Nintendo Talks More About Club Nintendo Successor – And Mobile Will be a Key Part

Nintendo’s currently overhauling its rewards program from Club Nintendo to a new service, and at a recent investors’ meeting, President Satoru Iwata revealed some more details about what to expect from the new program. And mobile will definitely be a part of it:

What we are aiming to establish is not a simple extension of the existing loyalty program but a loyalty program with, say, the entertainment elements where the members feel that they have received certain rewards as a result of not only their purchases but also the history of their gameplay and how each consumer has interacted with others. Since it is impossible to define the requirements for this sort of loyalty program 100 percent in advance, we see it very advantageous that we are able to work with DeNA who will be able to flexibly deal with such requirements.

It will be interesting to see just what this encompasses. Club Nintendo had some fantastic rewards. Who knows what exactly will come from this rewards program, or how you’ll earn anything – even Nintendo doesn’t know – but if I can earn cool Nintendo swag without buying several $40 games a year that I won’t even play that much anyway, then sign me up! I much prefer the idea of earning loyalty points not just for buying stuff, but also for playing games and doing things that show that you’re loyal to Nintendo, and getting great rewards in return. It’s kind of the free-to-play thinking. A customer’s value and loyalty isn’t just about how much money they spend. If you’re out there playing the games, telling people about them, and giving other people implicit reasons to spend money, you may be as valuable as the person who does spend a lot of money. And Nintendo wants to reward you for that.

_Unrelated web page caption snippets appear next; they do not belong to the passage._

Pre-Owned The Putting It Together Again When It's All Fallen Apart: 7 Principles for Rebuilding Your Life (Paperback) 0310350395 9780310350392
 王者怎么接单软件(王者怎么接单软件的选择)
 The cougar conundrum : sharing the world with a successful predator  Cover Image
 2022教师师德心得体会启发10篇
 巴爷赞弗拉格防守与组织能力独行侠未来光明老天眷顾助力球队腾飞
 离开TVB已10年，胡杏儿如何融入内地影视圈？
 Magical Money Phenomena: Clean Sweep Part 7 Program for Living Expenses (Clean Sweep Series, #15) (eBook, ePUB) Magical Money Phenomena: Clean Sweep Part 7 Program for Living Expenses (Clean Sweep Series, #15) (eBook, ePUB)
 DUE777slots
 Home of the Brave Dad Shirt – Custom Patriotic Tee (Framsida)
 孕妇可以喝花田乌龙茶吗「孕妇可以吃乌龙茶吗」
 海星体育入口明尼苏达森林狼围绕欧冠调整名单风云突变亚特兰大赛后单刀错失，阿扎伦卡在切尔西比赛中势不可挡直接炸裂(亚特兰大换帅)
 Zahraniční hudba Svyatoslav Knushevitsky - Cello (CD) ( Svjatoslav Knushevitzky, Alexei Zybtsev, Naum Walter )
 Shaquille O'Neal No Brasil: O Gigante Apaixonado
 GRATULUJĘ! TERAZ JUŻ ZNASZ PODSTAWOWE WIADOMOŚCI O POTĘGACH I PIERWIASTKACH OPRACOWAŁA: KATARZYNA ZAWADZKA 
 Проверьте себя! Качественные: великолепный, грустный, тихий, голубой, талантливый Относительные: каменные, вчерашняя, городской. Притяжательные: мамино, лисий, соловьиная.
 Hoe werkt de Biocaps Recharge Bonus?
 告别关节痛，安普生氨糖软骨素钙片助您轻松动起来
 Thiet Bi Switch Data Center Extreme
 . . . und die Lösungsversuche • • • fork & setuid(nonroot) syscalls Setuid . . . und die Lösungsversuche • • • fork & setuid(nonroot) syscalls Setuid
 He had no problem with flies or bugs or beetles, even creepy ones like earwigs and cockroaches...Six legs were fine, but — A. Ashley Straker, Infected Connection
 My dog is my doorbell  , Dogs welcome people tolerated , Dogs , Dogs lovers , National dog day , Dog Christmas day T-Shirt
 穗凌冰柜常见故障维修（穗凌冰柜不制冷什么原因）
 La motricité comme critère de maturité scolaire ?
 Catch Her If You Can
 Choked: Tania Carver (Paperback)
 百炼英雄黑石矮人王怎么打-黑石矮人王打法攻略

Nintendo Co's President Iwata poses with company's Wii U gaming controller at company headquarters after an interview with Reuters in Kyoto

But it is interesting to see Iwata talk about how Nintendo might have screwed up the last few years and how they weren’t ready for mobile gaming to become the juggernaut it is now:

Also, when we were designing them, we did not have the idea of building a bridge between smart devices and dedicated video game systems and, at least five years ago, we could not foresee that smart devices would have increased in significance to be the dominant window through which consumers connect with one another and society. When we look at Nintendo’s current network services from this perspective and others, they look like patchwork. They are not ideally designed for user convenience, and when we try to improve one, we have to modify not only the portion directly related to that service but also other seemingly unrelated components, so it cannot be done easily. In other words, we have many ideas that we would like to realize but we have not been able to execute them as smoothly as we had hoped.

Nintendo’s getting ready for the future. And that includes their mobile games, however they turn out. Expect big things.